Das Start-up Pyx wird von dem Gründerteam Stavros Kyriakidis und Otto Hefner, das jahrzehntelange Erfahrung in der Entwicklung und im Betrieb von Enterprise-Software vereint, seit August 2024 geführt. Diese Expertise reicht von skalierbaren KI-Architekturen über komplexe Datenpipelines bis hin zu tief integrierten Enterprise-Integrationen in bestehende IT-Landschaften. Von Beginn an war jedoch klar: Eine Lösung für Material- und Regulatorik-Compliance kann nur dann funktionieren, wenn technologische Exzellenz mit echter Fachexpertise aus der Verpackungsindustrie zusammenkommt. Deshalb wurde die entstandene Lösung von Pyx von Anfang an gemeinsam mit Branchenwissen entwickelt, von Beginn an in enger Zusammenarbeit mit Bischof+Klein. Diese Co-Development-Struktur stellt sicher, dass reale industrielle Anforderungen, regulatorische Feinheiten und technische Umsetzung nahtlos ineinandergreifen. Dies hat insbesondere im Zusammenhang mit den Materialregularien der PPWR besondere Brisanz.

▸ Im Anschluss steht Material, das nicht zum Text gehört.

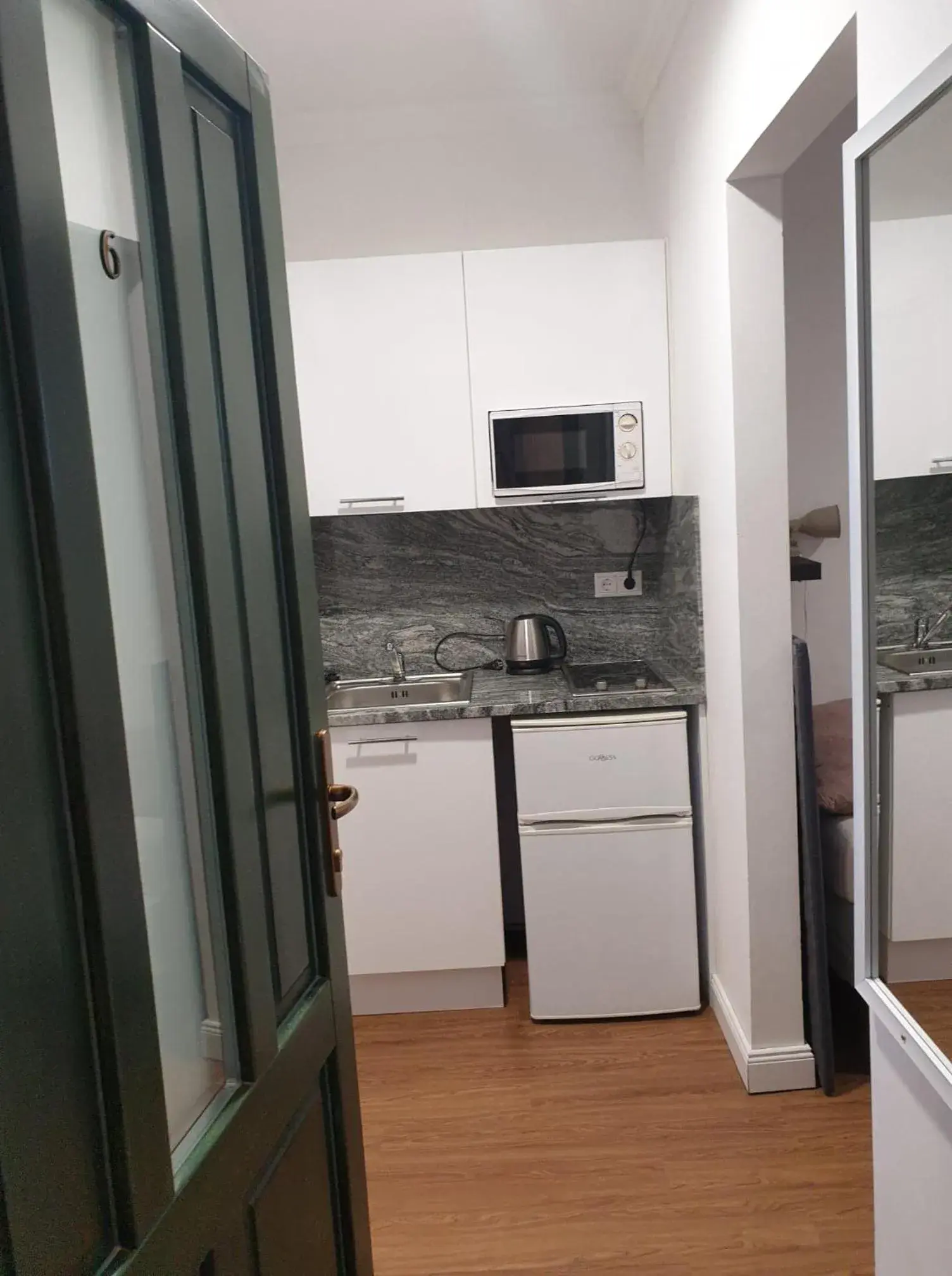 Twin Room with Bathroom - single occupancy in Éjjeli Bagoly Étterem és Panzió Twin Room with Bathroom - single occupancy in Éjjeli Bagoly Étterem és Panzió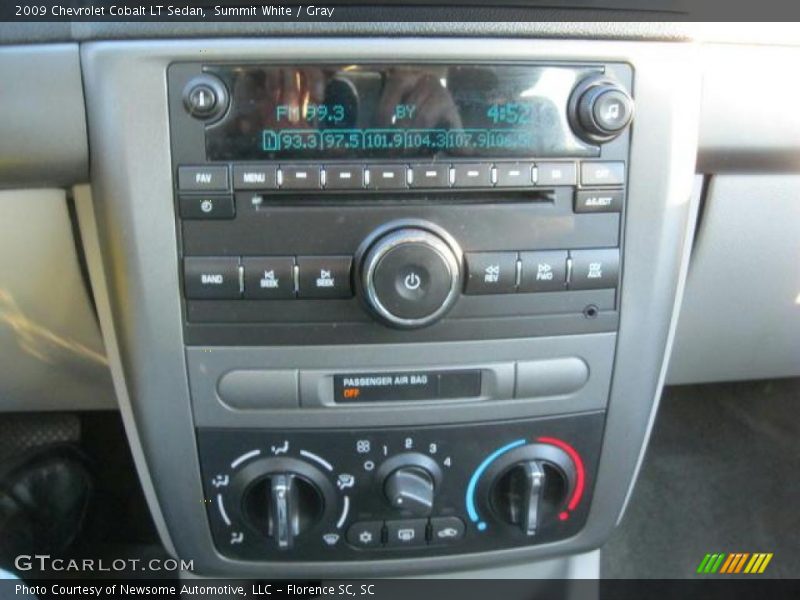 Summit White / Gray 2009 Chevrolet Cobalt LT Sedan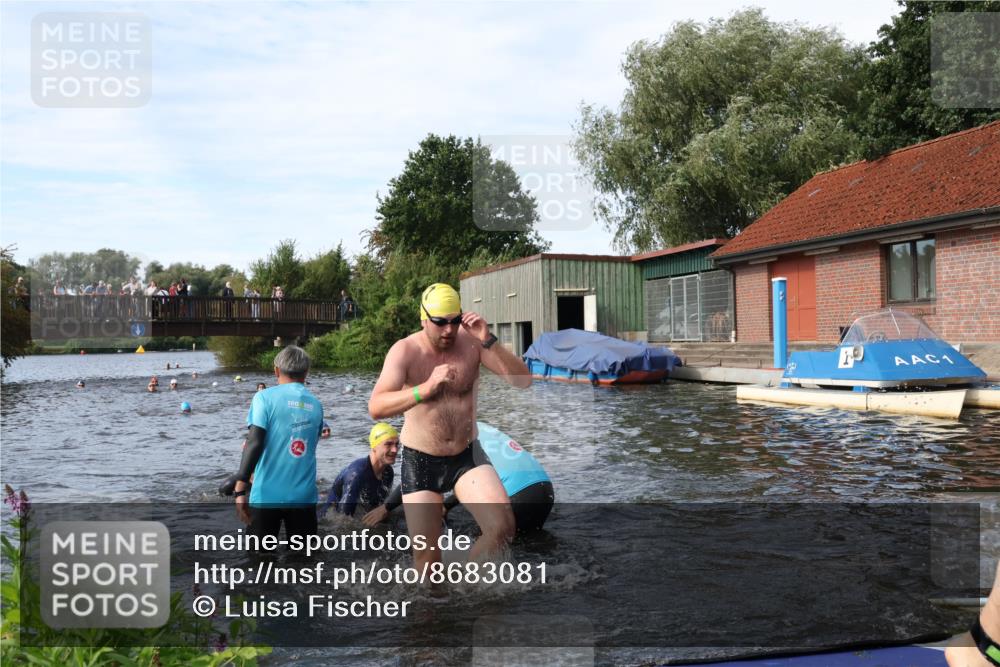 31.08.2025 - Elbe Triathlon Hamburg Luisa Fischer http://msf.ph/oto/8683081 31.08.2025 10:13:06 Schwimmen 992, 993, 1008, 1027, 1060, 1082, 1094 meine-sportfotos.de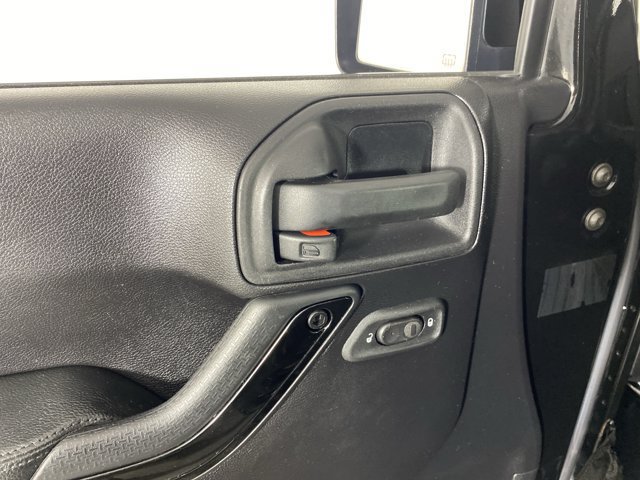 Used 2015 Jeep Wrangler Unlimited Sahara w/ Dual Top Group AWD/4WD image 13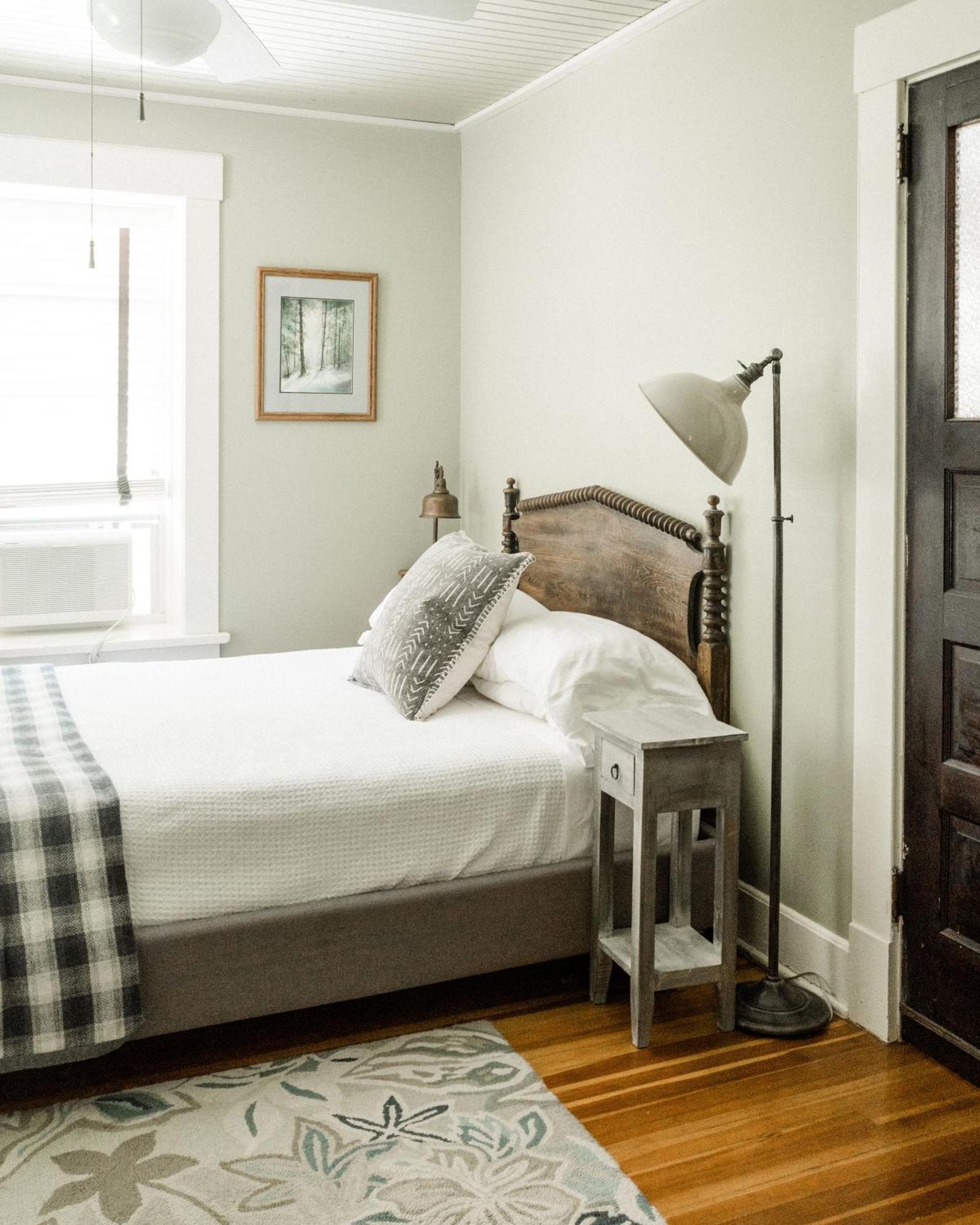 Antrim Streamside Hotel Livingston Manor Bagian luar foto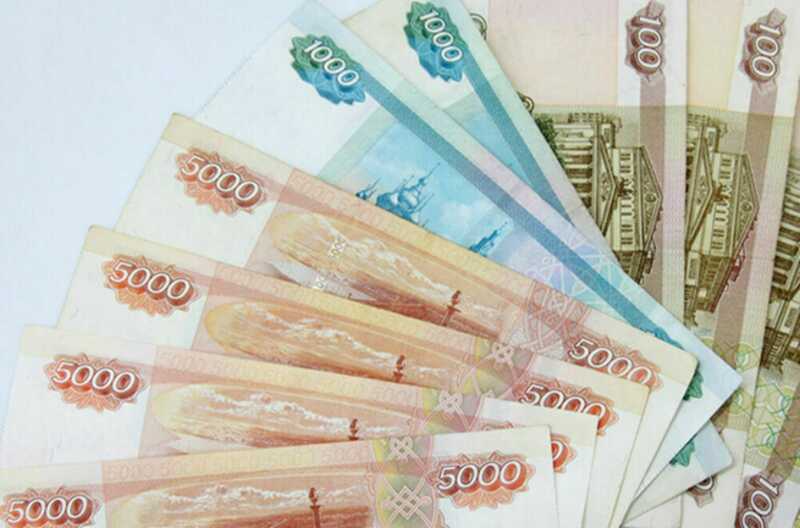 В Амурской области девушка выбросила 6 миллионов рублей из окна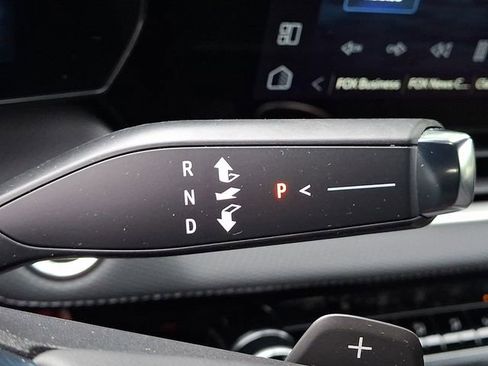 Used 2025 Chevrolet Equinox LT AWD/4WD image 14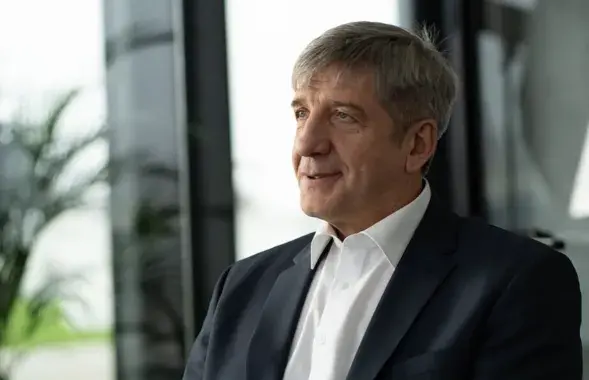 Уладзімір Астапенка
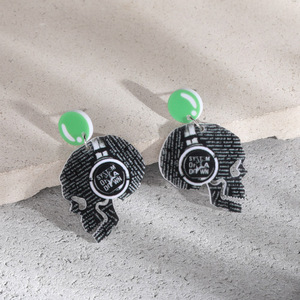 Boucles d'oreilles vintage en acier inoxydable de forme cloche, entièrement gérées, neuves, écologiques, en quartz - Bijoux de la marque SYSTEM of a Down - Product Image 4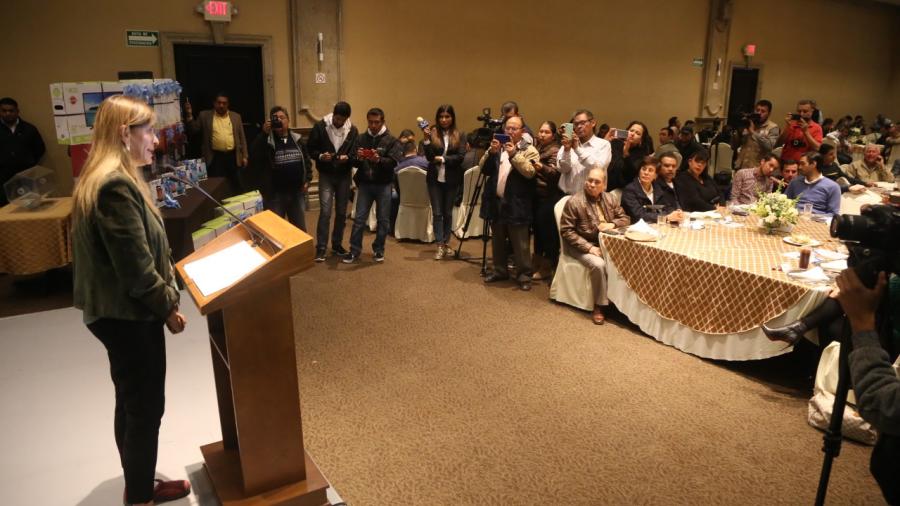 Festejó Maki a comunicadores por el Día del Periodista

Material-Compliance in der Verpackungsindustrie neu denken
Im Zentrum der Lösung stehen die automatisierte Extraktion und Strukturierung regulatorisch relevanter Informationen aus Dokumenten – unabhängig davon, wie diese vorliegen. Die Software Pyx verarbeitet klassische PDFs ebenso wie gescannte Unterlagen, historisch gewachsene Spezifikationen oder Dokumente mit handschriftlichen Ergänzungen. Dabei geht es bewusst nicht um reine Texterkennung. Die Dokumente durchlaufen vielmehr eine Vielzahl aufeinander abgestimmter Prozessschritte: von OCR über Layout- und Tabellenanalyse bis hin zu semantischer Kontextbewertung.
Ein kontextsensitiver Layer bewertet Inhalte nicht isoliert, sondern im regulatorischen Zusammenhang. Damit verändert die Entwicklung den klassischen Prozess der Material-Compliance, der bislang die Basis für regulatorische Entscheidungen bildet, grundlegend. Wo Fachabteilungen heute häufig mehrere Stunden damit verbringen, umfangreiche Lieferantendokumente manuell zu sichten, zu vergleichen und zu interpretieren, übernimmt die Software diesen Prozess automatisiert innerhalb weniger Minuten. Die Auswertung erfolgt dabei nicht nur deutlich schneller, sondern auch konsistenter und qualitativ hochwertiger als bei der rein manuellen Analyse. So liest Pyx DoCs, TDS, SDS, technische Spezifikationen und weitere relevante Dokumenttypen ganzheitlich aus und leitet daraus strukturierte Aussagen zur Konformität gegenüber konkreten Regularien ab.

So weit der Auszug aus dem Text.